Agentengesetz in Georgien: Georgischer Irrsinn

Das Parlament in Tbilissi setzt den Kampf gegen die Zivilgesellschaft fort. Rasch werden sich die Protestierenden jedoch nicht unterkriegen lassen.

Demonstrierende spiegeln sich in den Gläsern einer getönten Sonnenbrille

Protest gegen das „russische Gesetz“ am Dienstag in Tiflis Foto: Shakh Aivazov/ap

Wer bis zum Schluss gehofft hatte, die georgische Führung werde doch noch zur Besinnung kommen, sieht sich leider eines Besseren belehrt. Das Gesetz über die „Transparenz ausländischen Einflusses“, das vor allem Nichtregierungsorganisationen betrifft, wurde am Dienstag in dritter Lesung abgesegnet.

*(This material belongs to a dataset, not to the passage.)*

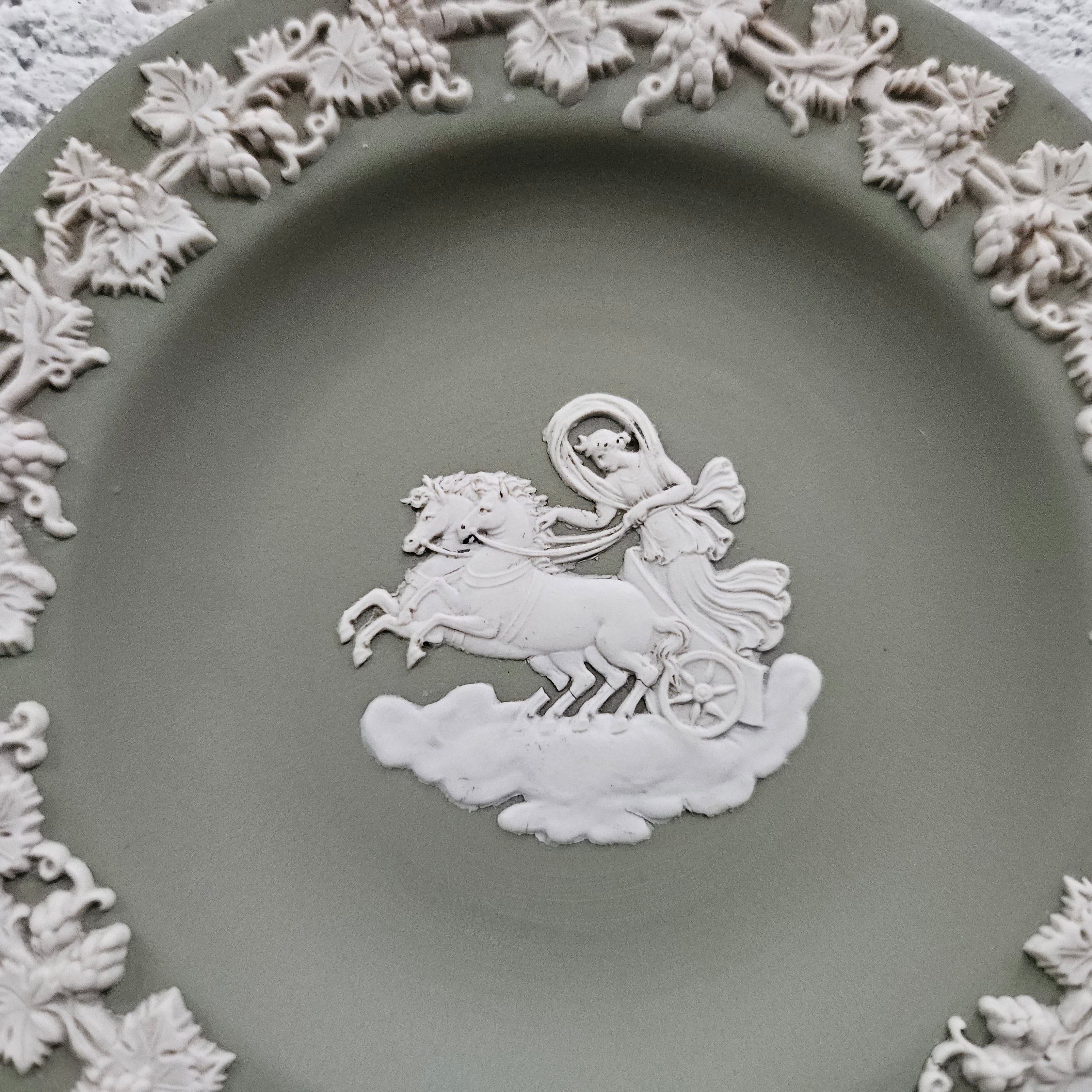 English Wedgwood Green/White Dish | Antique & Vintage | Moonee Ponds Antiques | Australia Wide Delivery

Hinter diesem Irrsinn der Regierungspartei Georgischer Traum stehen nicht weniger als die Angst vor einem Gesichts- und möglichen Machtverlust sowie eine hasserfüllte Besessenheit, die Zivilgesellschaft langsam, aber sicher zum Schweigen bringen zu wollen. Das wird so einfach jedoch nicht werden, wie die Massenproteste der vergangenen Wochen eindrücklich gezeigt haben.

Doch anstatt endlich einmal zur Kenntnis zu nehmen, dass ein Großteil der Ge­or­gie­r*in­nen ihre Zukunft sowie die ihres Landes in Europa sieht, greift der Georgische Traum auf Methoden zurück, die einem Drehbuch des Kremls entlehnt zu sein scheinen. Protestierende werden von Polizeikräften brutal zusammen geknüppelt, massiv unter Druck gesetzt und kriminalisiert. Wo das nicht ausreicht, besorgen Schlägertrupps, die bei Re­gie­rungs­kri­ti­ke­r*in­nen gerne auch mal Hausbesuche machen, den Rest.

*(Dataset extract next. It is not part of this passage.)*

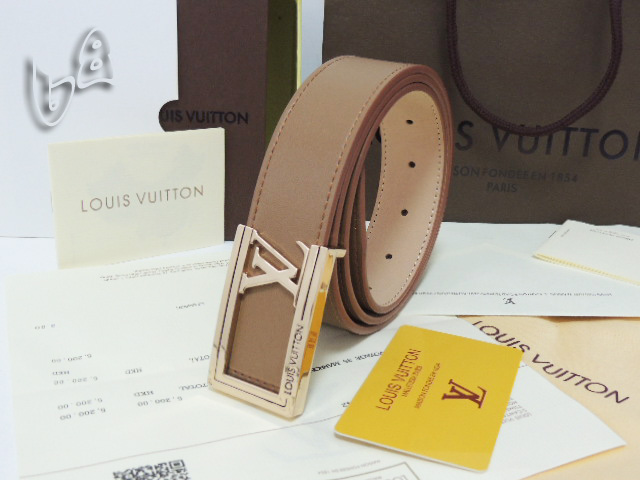 Wholesale AAAA Louis Vuitton Belts-001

Das tragische Moment an diesem repressiven Kurs ist nicht nur, dass in der Südkaukasusrepublik Georgien grundlegende Bür­ge­r*in­nen­rech­te mit Füßen getreten werden. Vielmehr steht die europäische Per­spektive grundsätzlich auf dem Spiel. Denn die EU, die Tbilissi erst im vergangenen Dezember den mit einer Reihe von Auflagen verbundenen Status eines Beitrittskandidaten gewährte, kann diese Provokation nicht ignorieren. Schon sind mögliche Sanktionen – wie die Aufhebung der Visa-Freiheit – im Gespräch.

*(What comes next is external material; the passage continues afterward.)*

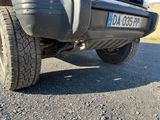 un camion garé sur le côté de la route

Sollte es dazu kommen, zahlten – Ironie der Geschichte – auch diejenigen die Zeche, die für demokratische Werte auf die Straße gehen. Wie weiter? Staatspräsidentin Salome Surabischwili, in Dauerfehde mit der Regierung, wird gegen das Gesetz ein Veto einlegen. Das verschafft zumindest eine Atempause. Vielleicht obsiegt am Ende doch noch der gesunde Menschenverstand.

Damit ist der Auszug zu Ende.